How they had seen things differently all along.
How they hated every minute of what you forced them to “endure” – while all along you foolishly thought you were both just “enjoying”.
It’s like a shocking realisation of the true passive aggression of your other half who throws you a curve ball, making you question every single moment you’ve ever shared together.
Making you question your entire approach to life, your outlook and your perspective. Making you mistrust and paranoid.
Cummings’ betrayal is the worst of its kind.
I’m not denying there are things the Government got wrong over the past 14 months.
But to have Cunning Cummings play along – and lie – as if he was the other half of a married couple while all along privately making notes for his planned appearance at the divorce courts, must cut deep for those closest to him.
Especially BoJo, who defended him to the hilt when the country turned on him.
Worth remembering there is an overwhelming arrogance that possesses people who are capable of behaving in this way.
They are narcissistic plotters who have no real intention of being part of anything meaningful, but rather were in it for the glory of being able to say: “Could have told you so from the start”.
Put the R in it
IN my 42 years in this country I’ve yet to hear a politician of any colour pronounce the word SECRETARY correctly.
As a privately trained secretary myself, this drives me insane.
Just on Wednesday, the Leader of the Opposition, SIR Keir Starmer, left, a former Queen’s Counsel, called Matt Hancock, the “Sec-et-ary of State”.
Please, people. There’s an “r” in it.
Just like in February.
Hidden risk of racism
IN the week that marked a year since the killing in America of George Floyd – whose name is now synonymous with the Black Lives Matter movement – we witness a young girl, under the influence of alcohol, refused entry to a drinking hole in Birmingham, opt for the lowest common denominator: Allegedly calling the bouncer the N word.
Those around her didn’t appear to bat an eyelid.
What hope then of the next generation – of which she is one – understanding white privilege and that racism is very much alive and kicking in all our towns and cities, in our schools and in our offices.
I recall, a few years ago, proudly telling one of my Ungratefuls – who is an obsessive social justice warrior – that I just “don’t see colour”, meaning I don’t notice if the person in front of me is black or white, because so fundamen- ally tolerant and egalitarian am I. I thought.
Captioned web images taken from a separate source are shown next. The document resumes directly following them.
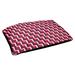 East Urban Home Ellon Designer Rectangle Cat Bed Fleece in Red/Pink | 6 H x 42.5 W x 32.5 D in | Wayfair 581469DC7E2F4B8A941D8D63E3118731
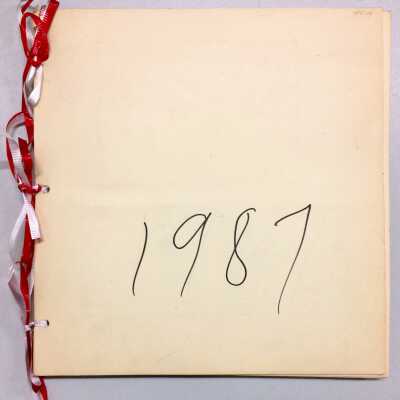 Scrapbook of the American Red Cross, Alameda Chapter, 1987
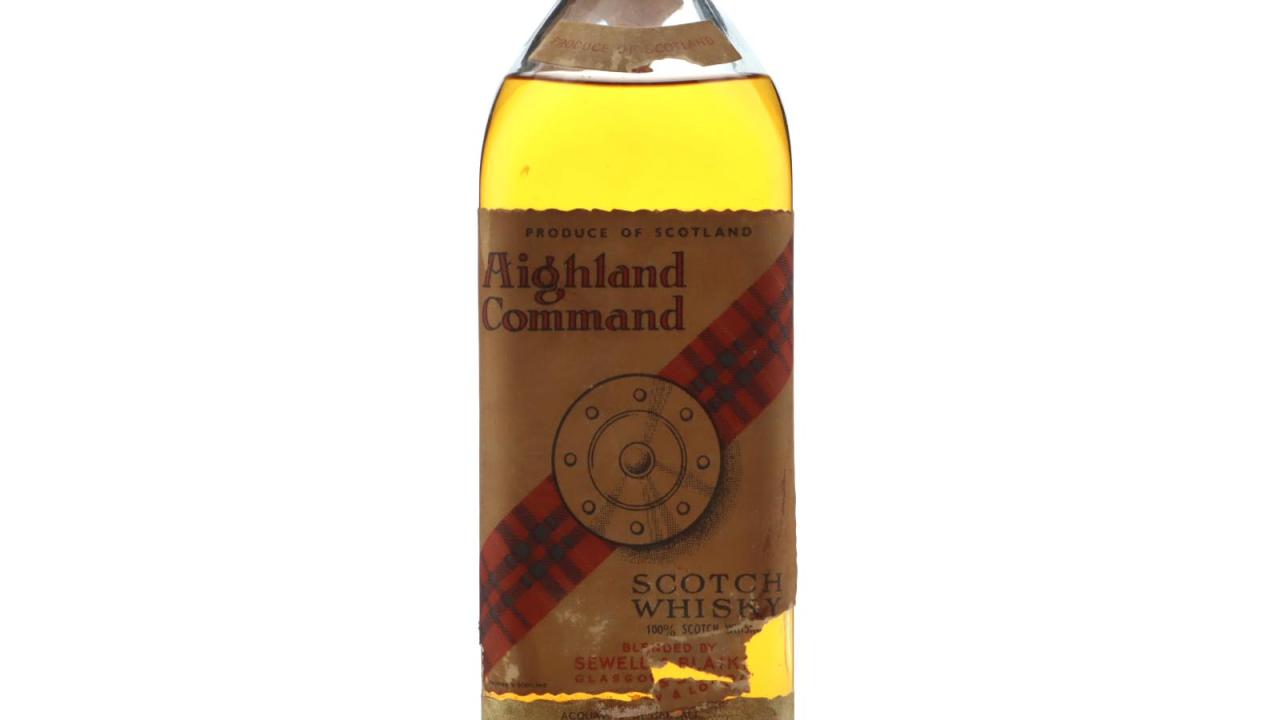 Highland Command Scotch Whisky Whisky | Whisky Auctioneer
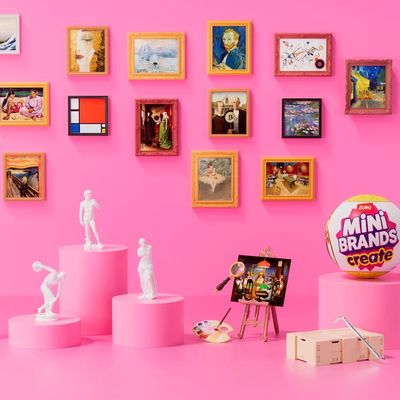 Kit com 3 Mini Brands Create Mini Masterpieces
I didn’t have time to pat myself on the back before she interjected that my whole sentence was troublesome.
She told me it made me racist because it means I don’t see the problem.
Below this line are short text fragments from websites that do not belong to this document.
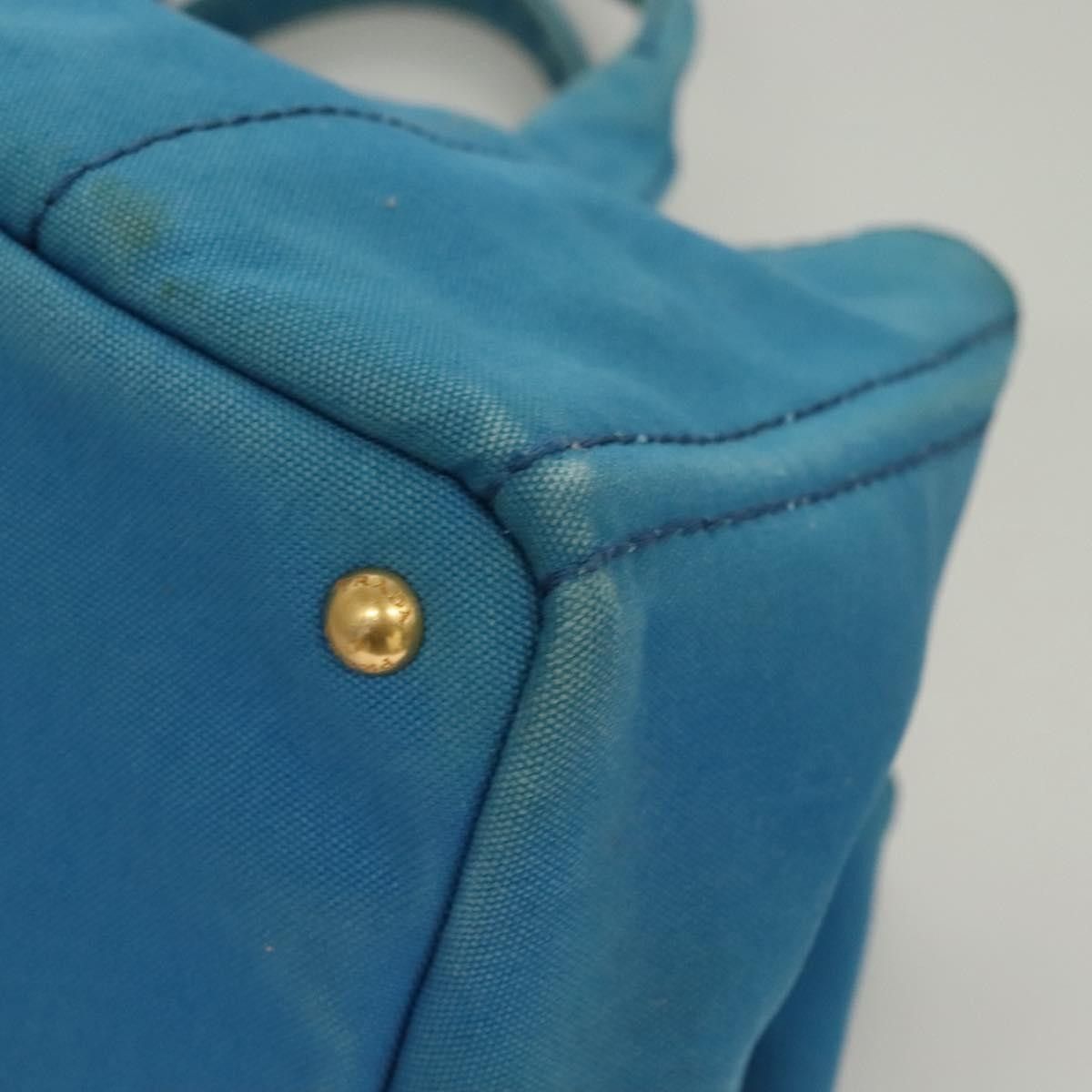 Prada Prada Canapa Convertible Tote Canvas Size ONE SIZE - 10 Thumbnail
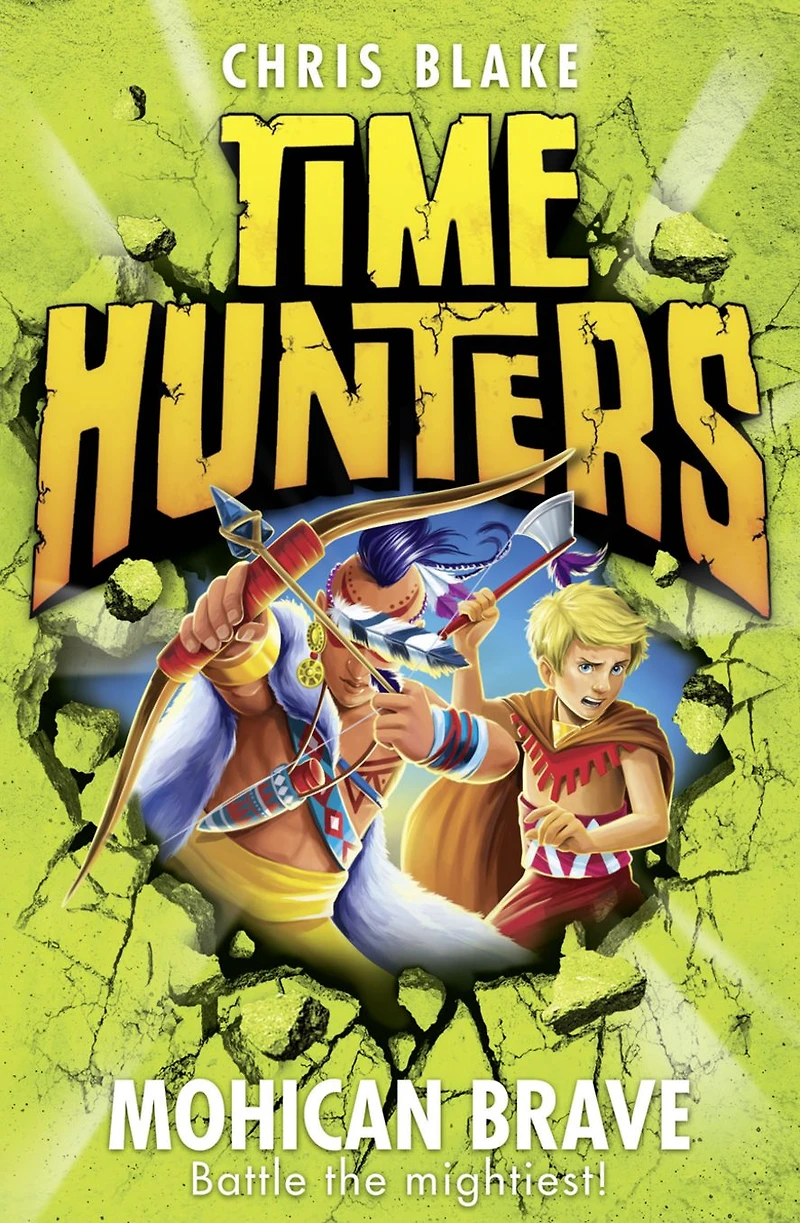 Mohican Brave (Time Hunters Series #11)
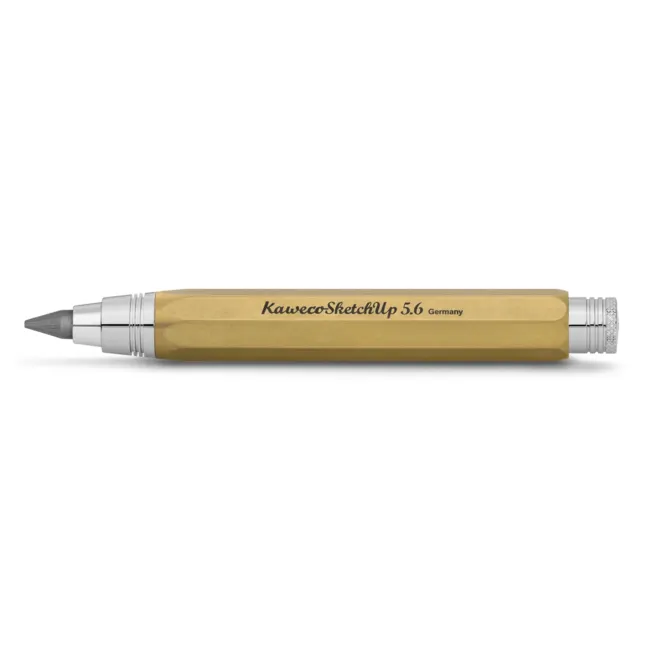 Kaweco Sketch Up Brass Versatil Kalem 5.6 mm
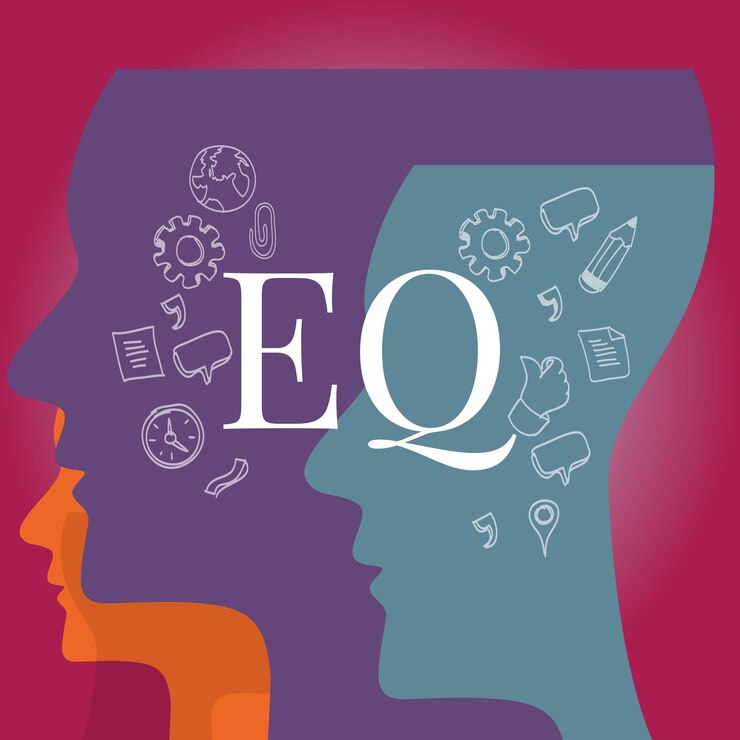 Vector eq emotional quotient intelligence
The unconscious bias is hard to shed overnight, despite me having best friends and former partners who are black.
But you’d hope this next generation would be smarter and sassier than a dinosaur like me.
There are times one has to be grateful for social media hopefully shaming racists (drunk or otherwise) like never before.
But who will take them aside and explain their ignorance and vile behaviour? I’m happy to send my young daughter.
Don't aim for crappy to be happy
SCIENTISTS at University College London say they’ve found the answer to happiness.
Apparently, the secret is to lower your expectations.
They got 18,000 people to take part in a game on an app and noted the risks players took and assessed their expectations and happiness levels.
What they discovered – no s***, Sherlock – is that if you lower your expectations you’re more likely to be in for a positive surprise.
Well, excuse me. That’s how I’ve lived and spent my entire life, lowering my outlook and possibilities.
Telling myself, pinches thumb and forefinger together, that THIS is all I want.
I don’t need big or fancy or amazing. Just THIS little amount of whatever, to make me happy. And it’s exhausting. And painfully unrewarding.
Because no matter how low my expectations are, the reality always falls well short. I still don’t think I’ve found happiness.
And time is running out. What do scientists know anyway? What have they ever done for us?